The analysis of the TUG time, falls risk and FEs at 90 days found that the QTUG FRE was markedly more accurate than the TUG time in predicting falls (73.33% compared to 46.67%). Similarly, the FE was more accurate in predicting falls than the TUG time (60.00% compared to 46.67%). Examining follow-up data at 180 days, all metrics demonstrated lower accuracy in predicting falls; the QTUG FRE score and TUG time were equally accurate (58.33%), while the FE was less accurate (41.67%). The reduction in accuracy in all metrics between 90 and 180 days follow-up may be due to the lower number of patients with complete follow-up data available at 180 days (12 compared to 15 at 90 days) or may be a feature of this population, in that forecasting of falls in patients with PD is less accurate over a longer time window. The reported results provide a statistically independent validation of the QTUG FRE and FE for use in prediction of falls in patients with PD.

To our knowledge, this is the first attempt to provide an objective statistical risk score for falls in patients with PD. An evidence-based risk profile for falls in patients with PD, based on objective measures of mobility, could contribute to standardised assessment of falls risk in patients with PD. We report a prospective validation of this using fall diaries, collected weekly which are considered more reliable than other methods of collecting falls outcome data. The portable nature of the solution could allow assessment outside of traditional clinical environments such as the home or community.

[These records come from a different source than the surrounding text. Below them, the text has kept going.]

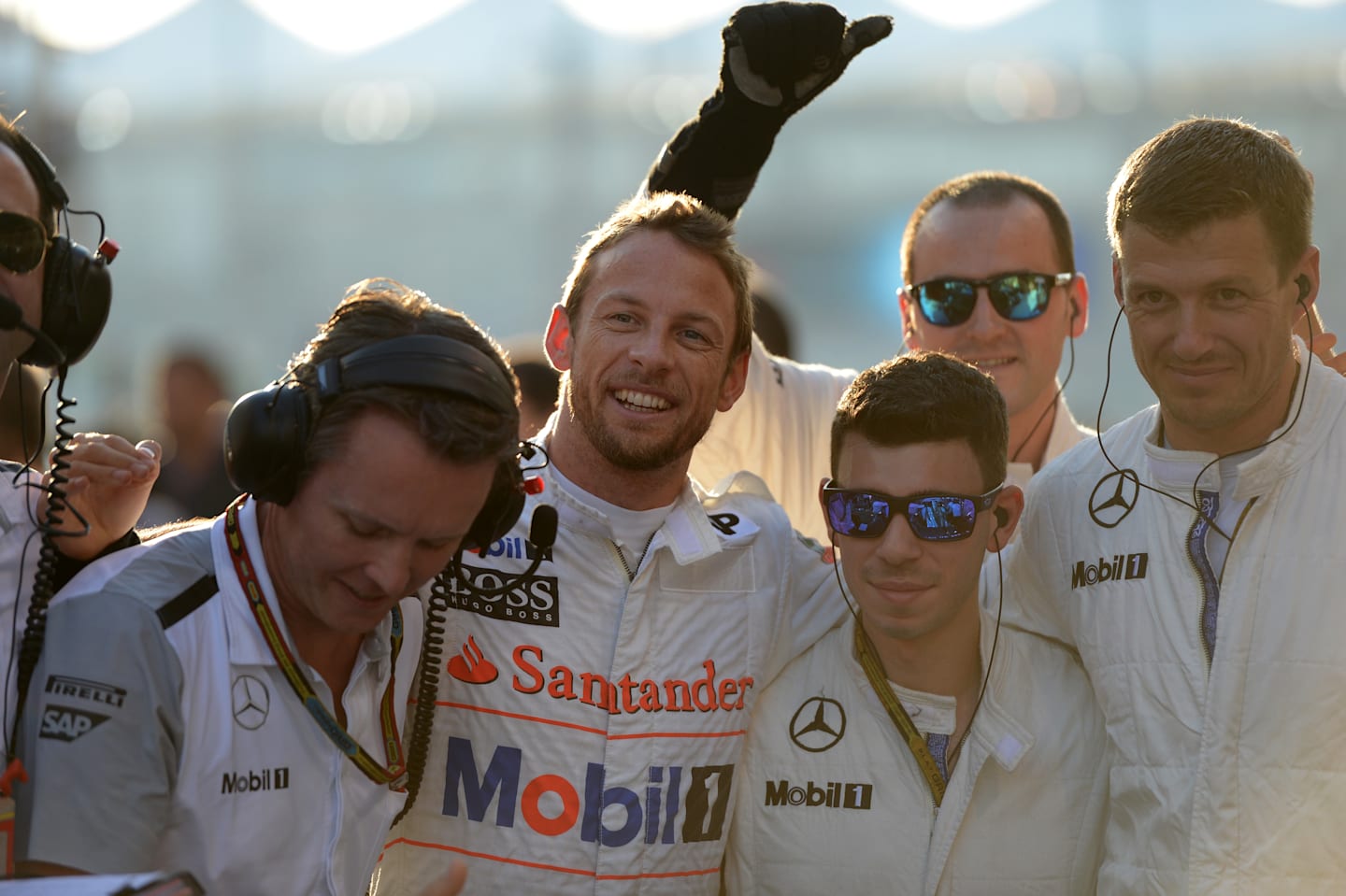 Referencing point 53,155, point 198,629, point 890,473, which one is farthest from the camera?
point 53,155

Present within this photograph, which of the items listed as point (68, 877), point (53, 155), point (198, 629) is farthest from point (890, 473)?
point (53, 155)

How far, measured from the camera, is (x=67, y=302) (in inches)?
96.0

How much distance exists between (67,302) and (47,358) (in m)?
0.11

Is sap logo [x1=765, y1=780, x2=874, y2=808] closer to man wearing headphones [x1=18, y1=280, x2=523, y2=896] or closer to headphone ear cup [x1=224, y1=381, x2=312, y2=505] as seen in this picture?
man wearing headphones [x1=18, y1=280, x2=523, y2=896]

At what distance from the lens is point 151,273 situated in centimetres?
1839

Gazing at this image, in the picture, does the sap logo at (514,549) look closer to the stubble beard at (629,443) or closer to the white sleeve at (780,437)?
the stubble beard at (629,443)

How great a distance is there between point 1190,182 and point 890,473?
33.8 inches

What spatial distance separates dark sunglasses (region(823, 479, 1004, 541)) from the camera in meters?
2.94

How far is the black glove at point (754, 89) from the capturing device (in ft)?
11.0

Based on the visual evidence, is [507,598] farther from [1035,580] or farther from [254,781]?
[1035,580]

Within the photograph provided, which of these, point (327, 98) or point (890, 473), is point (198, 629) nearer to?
point (890, 473)

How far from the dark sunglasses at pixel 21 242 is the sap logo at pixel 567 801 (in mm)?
1284

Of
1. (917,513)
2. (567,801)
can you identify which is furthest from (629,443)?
(567,801)

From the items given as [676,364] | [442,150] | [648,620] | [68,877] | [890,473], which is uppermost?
[442,150] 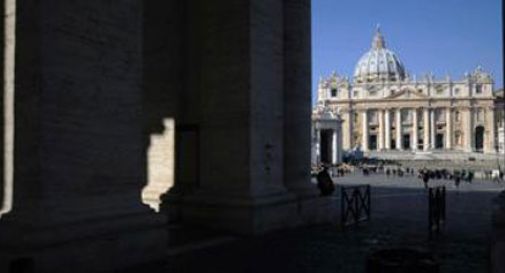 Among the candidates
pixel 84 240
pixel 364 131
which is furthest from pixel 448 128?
pixel 84 240

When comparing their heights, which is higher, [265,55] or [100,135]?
[265,55]

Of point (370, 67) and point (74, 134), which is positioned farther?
point (370, 67)

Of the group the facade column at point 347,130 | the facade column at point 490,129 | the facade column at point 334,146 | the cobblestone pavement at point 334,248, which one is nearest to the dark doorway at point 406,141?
the facade column at point 347,130

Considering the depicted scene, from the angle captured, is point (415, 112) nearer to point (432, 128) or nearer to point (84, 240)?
point (432, 128)

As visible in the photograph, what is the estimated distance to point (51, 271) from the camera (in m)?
8.77

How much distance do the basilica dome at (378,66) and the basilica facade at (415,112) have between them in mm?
12238

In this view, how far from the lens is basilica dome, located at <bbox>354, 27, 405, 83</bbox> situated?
569ft

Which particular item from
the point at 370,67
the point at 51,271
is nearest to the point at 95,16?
the point at 51,271

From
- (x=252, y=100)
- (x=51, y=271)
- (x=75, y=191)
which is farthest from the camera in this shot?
(x=252, y=100)

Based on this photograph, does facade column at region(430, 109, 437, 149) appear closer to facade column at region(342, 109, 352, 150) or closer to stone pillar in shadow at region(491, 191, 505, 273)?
facade column at region(342, 109, 352, 150)

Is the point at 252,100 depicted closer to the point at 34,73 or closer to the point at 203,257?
the point at 203,257

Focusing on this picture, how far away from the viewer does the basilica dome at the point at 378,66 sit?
569ft

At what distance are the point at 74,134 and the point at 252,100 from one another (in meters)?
5.00

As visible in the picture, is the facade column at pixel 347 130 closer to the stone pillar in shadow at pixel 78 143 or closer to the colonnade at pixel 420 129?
the colonnade at pixel 420 129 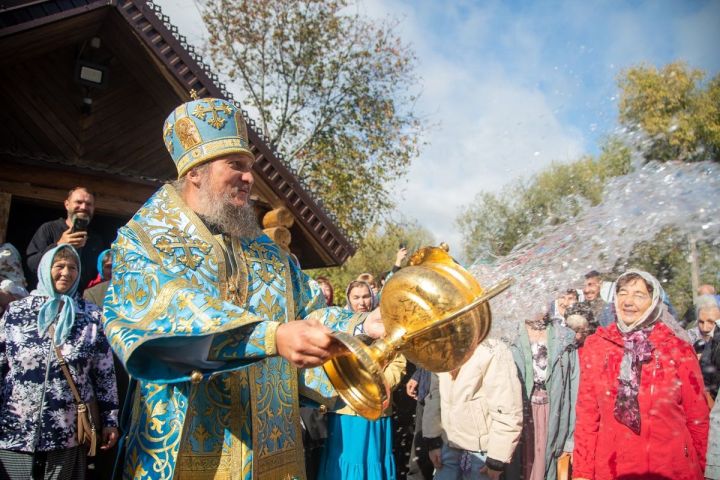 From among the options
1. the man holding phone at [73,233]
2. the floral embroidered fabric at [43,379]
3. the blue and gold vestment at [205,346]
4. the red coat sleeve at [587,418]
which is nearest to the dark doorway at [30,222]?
the man holding phone at [73,233]

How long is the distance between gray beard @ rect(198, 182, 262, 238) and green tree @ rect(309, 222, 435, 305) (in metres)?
9.78

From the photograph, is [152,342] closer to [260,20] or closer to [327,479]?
[327,479]

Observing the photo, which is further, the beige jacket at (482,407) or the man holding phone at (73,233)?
the beige jacket at (482,407)

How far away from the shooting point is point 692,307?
588cm

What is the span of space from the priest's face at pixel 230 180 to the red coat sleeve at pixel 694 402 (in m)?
3.27

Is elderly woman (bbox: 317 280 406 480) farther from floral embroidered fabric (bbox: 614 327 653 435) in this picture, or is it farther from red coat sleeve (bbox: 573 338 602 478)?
floral embroidered fabric (bbox: 614 327 653 435)

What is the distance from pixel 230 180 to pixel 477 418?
3.65 metres

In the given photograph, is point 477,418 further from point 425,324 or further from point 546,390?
point 425,324

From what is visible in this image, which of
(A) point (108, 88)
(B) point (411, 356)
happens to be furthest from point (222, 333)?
(A) point (108, 88)

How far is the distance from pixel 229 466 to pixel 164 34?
18.6 ft

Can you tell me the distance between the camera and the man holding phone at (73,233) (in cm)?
515

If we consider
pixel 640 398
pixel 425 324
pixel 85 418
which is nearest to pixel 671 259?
pixel 640 398

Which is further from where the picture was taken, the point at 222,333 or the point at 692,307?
the point at 692,307

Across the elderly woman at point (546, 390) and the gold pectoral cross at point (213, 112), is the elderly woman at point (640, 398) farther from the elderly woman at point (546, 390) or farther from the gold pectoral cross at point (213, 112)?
the gold pectoral cross at point (213, 112) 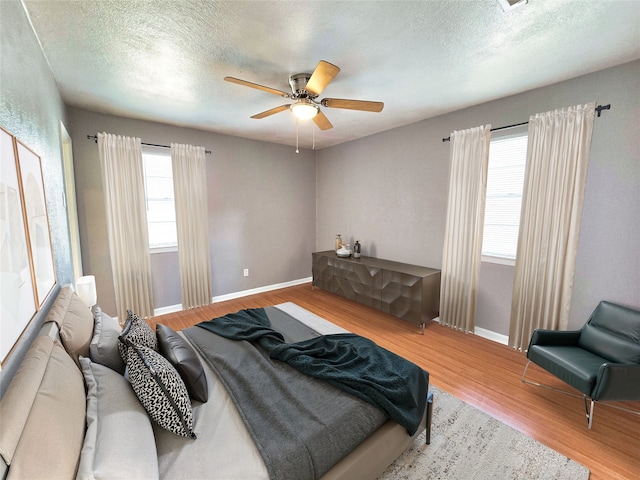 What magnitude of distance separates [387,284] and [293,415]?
257 centimetres

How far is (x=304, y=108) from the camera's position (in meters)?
2.32

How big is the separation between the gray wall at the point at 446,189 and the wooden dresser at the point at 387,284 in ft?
1.23

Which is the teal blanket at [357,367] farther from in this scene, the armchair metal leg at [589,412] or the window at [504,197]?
the window at [504,197]

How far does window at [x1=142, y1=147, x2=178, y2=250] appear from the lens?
147 inches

On average, each study participant was assessed using QTUG seven times; once at baseline and then once a month for six months. Examining the inter-session test–retest reliability of the gait and mobility parameters derived from the inertial sensor data from each TUG test across all seven sessions found that 52 of 59 parameters exhibited excellent reliability, while five exhibited moderate reliability and two parameters exhibited poor reliability. It is noteworthy that the TUG time, FRE and FE all exhibited excellent reliability, supporting their use in the longitudinal assessment of PD. Given the nature of the TUG test, the turn strategy (e.g. turn left or right, pivot turn or multiple step), a participant chooses while executing the turn portion of the TUG test, has a major bearing on the reliability of the turn parameters, i.e. if a participant chose to vary their turn strategy between assessments. Turn strategy can also affect the reliability of the calculated gait variability and gait symmetry parameters and could perhaps explain the lower reliability values obtained for some of these parameters. In addition, the short distance of the TUG test could also affect the reliability of some parameters just as gait variability and gait symmetry. In general, the strong results reported for test–retest reliability suggest that QTUG could be a valuable tool for ongoing assessment of gait and mobility in PD.

Study limitations

A major limitation of the present study is the small size of the data set used; the reported associations with UPDRS motor scores and results for prediction of falls would need to be confirmed through a much larger population sample. While the sample is very small, the longitudinal study design and use of prospective weekly fall diaries are in line with international best practice. However, it should be noted that self-reported data on falls can be difficult to acquire and can be inaccurate, even when diaries are collected on a weekly basis.

Conclusions

The results suggest that QTUG may be a reliable tool for longitudinal assessment of gait and mobility in patients with PD, and furthermore, it may have utility in predicting falls in patients with PD. Future work will seek to validate the present results on a larger data set, as well as to stratify participants based on disease level and examine how QTUG can be used to predict falls in those at different stages of the disease.